What other numbers can be used in flag lines and what
do they signify? (Notably, David's mention of unasterisked conditions refers
to something I hadn't known: I thought all conditions have to begin with an
asterisk...)

Back in the days when email filtering was much simpler and recipes with more than one condition were rare, procmail syntax required a number on the flag line for the number of conditions the recipe had, so that procmail would know where the conditions ended and the next line was the action. If the recipe had an `A' or `a' flag, the default was zero; otherwise, the default was one. Many recipes began

 ::

to indicate one condition and the implicit name for a local lockfile.

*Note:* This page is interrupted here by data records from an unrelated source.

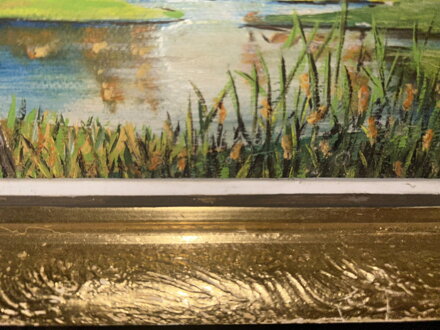 RÁKOSY U VODY - NEZNÁMÝ AUTOR
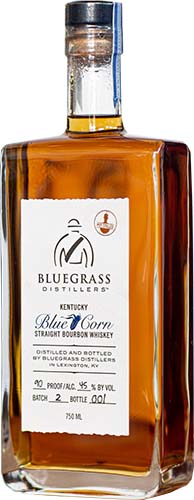 Bluegrass Distillers Blue Corn Whiskey
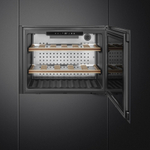 Холодильный шкаф для вина встраиваемый Smeg CVI121B3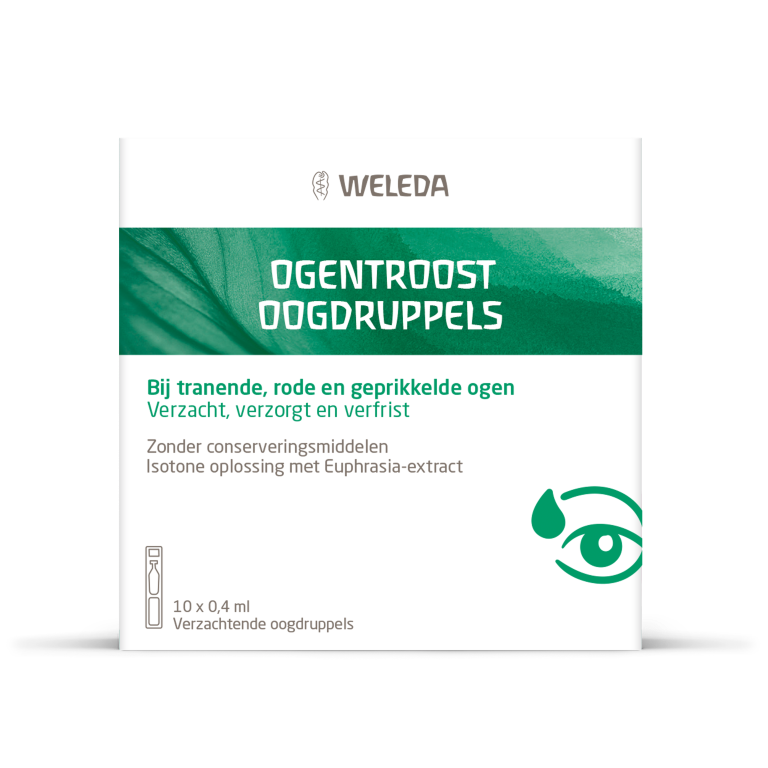 WELEDA Ogentroost oogdruppels (10 stuks)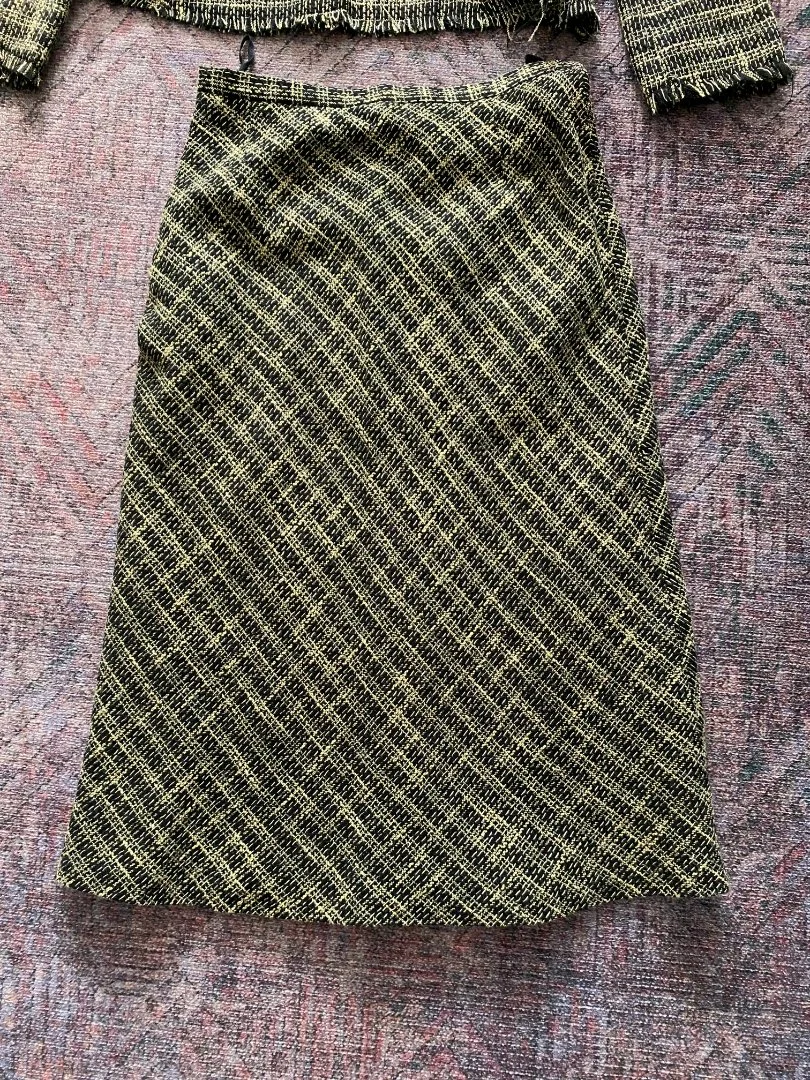 Костюм женский с юбкой р 46 - миниатюра 5
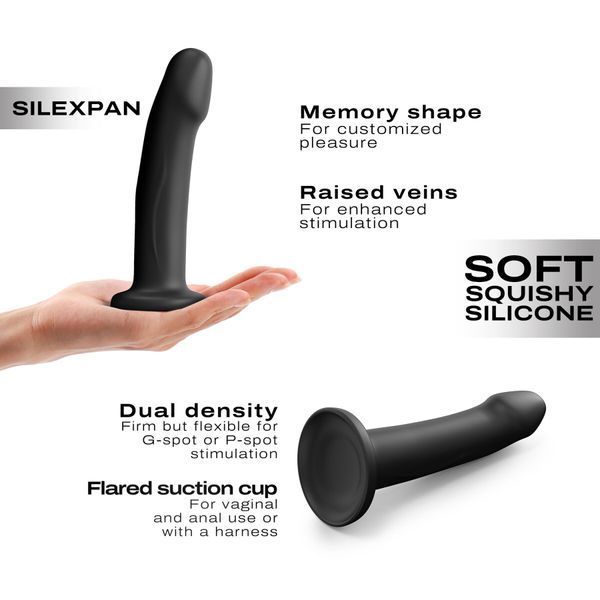 Фаллоимитатор Dorcel Real Pleasure XL Black SX2270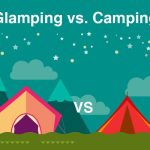How much do you know about the differences between glamping vs. camping? Read on to get a clear understanding of the differences between them.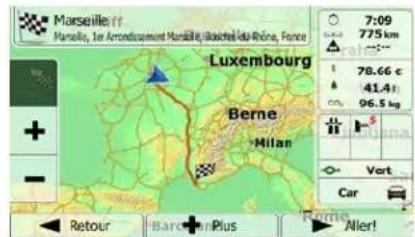 Marseille Marseille, 1er Arondissement Marseille, Blanche du Rhône, France Luxembourg Berne Milan 7:09 775 km 78.66 c 41.41 96.5 kg Vert Car Retour Barcher Plus Aller!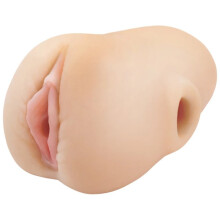 PDX PLUS – REALISTISCHER VAGINA-PUSSY-POOUNDER-SQUEEZE-STROKER 18 CM
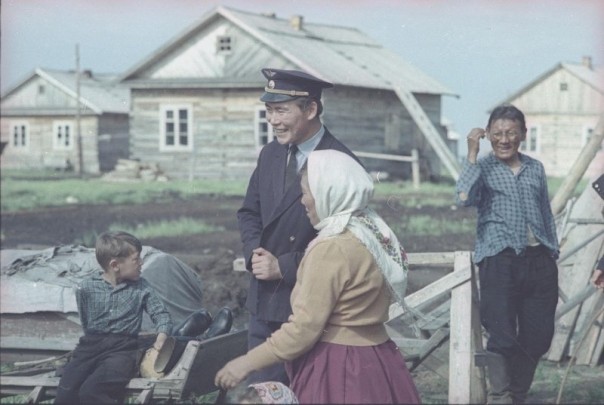 Исторические снимки деревни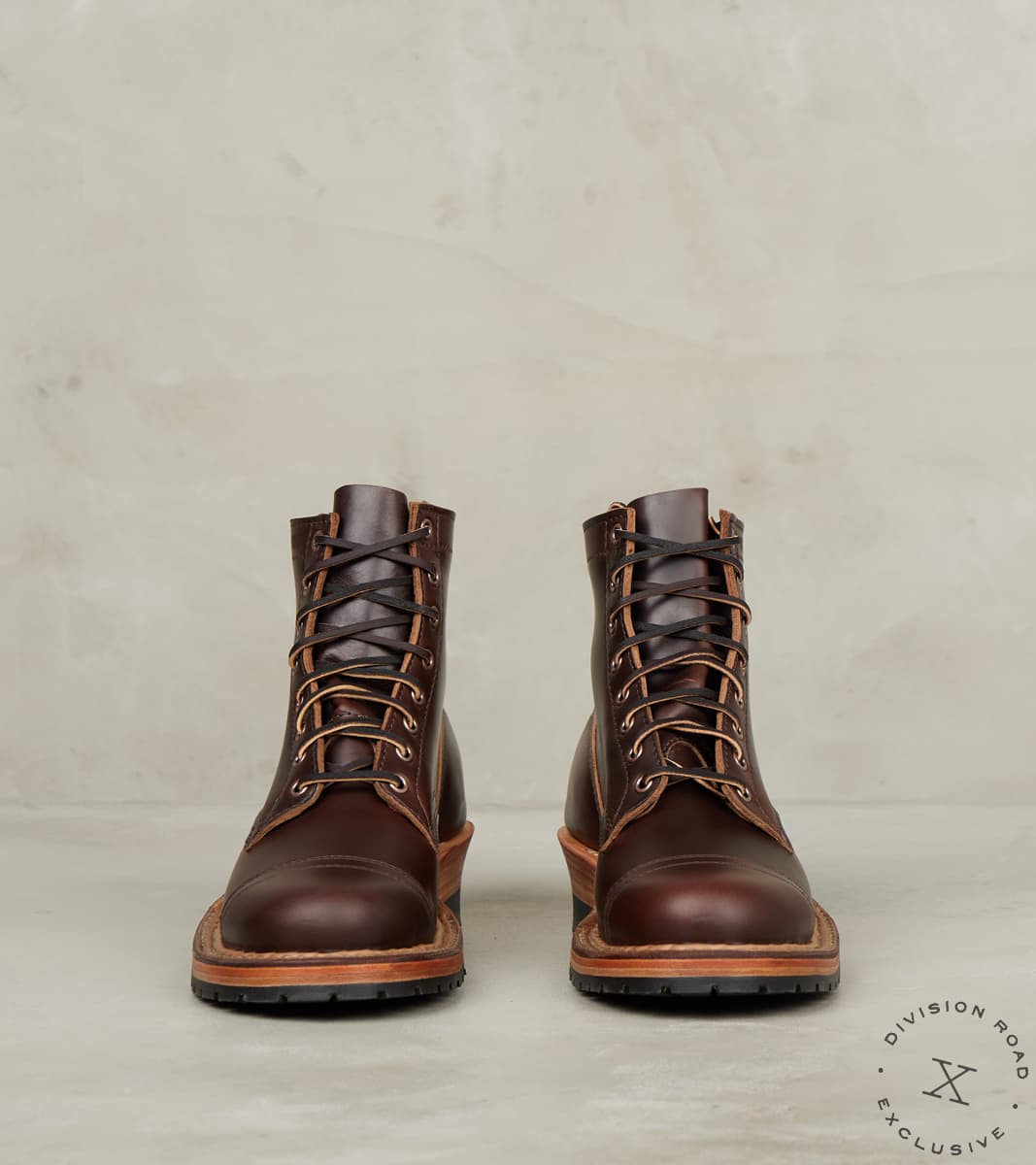 White's x DR Logger 350 - 55 - Split Commando - Horween Brown CXL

As more complex recipes came to be needed, that presented problems. People would miscount the conditions on a recipe, or they'd forget to update the number at the top when they added or removed conditions.

So Stephen came up with a new method: procmail would read the number of conditions it expected per the flag line, but if the action line began with an asterisk, that would mean, "not the action yet, we have another condition first, and this is it." That way recipes written with the old syntax would work, but so would a new one: if you have an asterisk in front of every condition and a zero on every flag line, procmail will always recognize which of the following lines is not a condition any more but is the action.

So if you use a zero, yes, all conditions must begin with an asterisk.

There's been only one change since then: the `E' or `e' flag (they were introduced after asterisk notation came in) will also make the number of unasterisked conditions default to zero.